Петр Семенович, будучи человеком совестливым, любившим солдат и пользующийся их ответной любовью, от всех этих неурядиц и беспокойств потерял сон.

Ночью, забравшись в свой шатер, он долго не мог уснуть. Рядом храпел денщик, а фельдмаршал моргал глазами, пялился в темноту и подчас завидовал ему: «Эк разливается Прошка. Добро. Никаких тебе забот. Вот уж истина: отчего солдат гладок – наелся да на бок».

Кроме того, ожидался подход третьей дивизии Румянцева. Однажды прибыл к Салтыкову генерал Чернышев, привез бумагу с отпечатанным текстом.

– Вот пожалуйста, ваше сиятельство.

– Что это?

– Манифест принца Генриха, во множестве раскиданный по полкам.

– Что он там пишет?

– Читайте, сами убедитесь.

Прусский принц Генрих сообщал, что он скоро придет в Польшу освобождать ее из-под гнета русских, что он прогонит их за Вислу, что разобьет русскую армию, и предлагал русским солдатам для спасения своих жизней переходить на его сторону, где их ждет сытный стол и хорошее денежное содержание.

– Вот сукин сын, – проворчал фельдмаршал. – Знает, по какому месту бить.

– А что, если он действительно явится сюда, Петр Семенович?

– Как он может явиться, если он сейчас в двух переходах от Бреславля. Это мне только что Лаудон сообщил. Да если и явится он, побоится с нами связываться. Другое дело, если пройдется по нашим тылам и разорит наши магазины и пути перережет. Этим манифестом он припугивает наших солдат.

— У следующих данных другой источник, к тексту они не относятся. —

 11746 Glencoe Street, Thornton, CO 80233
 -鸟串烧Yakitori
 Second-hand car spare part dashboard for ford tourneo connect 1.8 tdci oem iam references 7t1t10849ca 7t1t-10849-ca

– Не шибко-то их этим испугаешь, – засмеялся Чернышев. – Они уже мнут эти манифесты, говоря, мол, славная бумага в нужник сходить.

– Ну, наш солдат знает, кто чего стоит, – улыбнулся Салтыков. – Наших воробьев на мякине не проведешь. Идем в Силезию, Захар Григорьевич, там и повидаемся с принцем Генрихом. Лаудон уже ждет нас.

Армия двинулась на юг в направлении на Бреславль – столицу Силезии. Вперед поскакали казаки бригадира Краснощекова, Перфильева, Денисова, разведывая для армии путь и уничтожая малые отряды врага, если таковые рисковали им попадаться. И заодно время от времени доставляя главнокомандующему «языков» для допросов.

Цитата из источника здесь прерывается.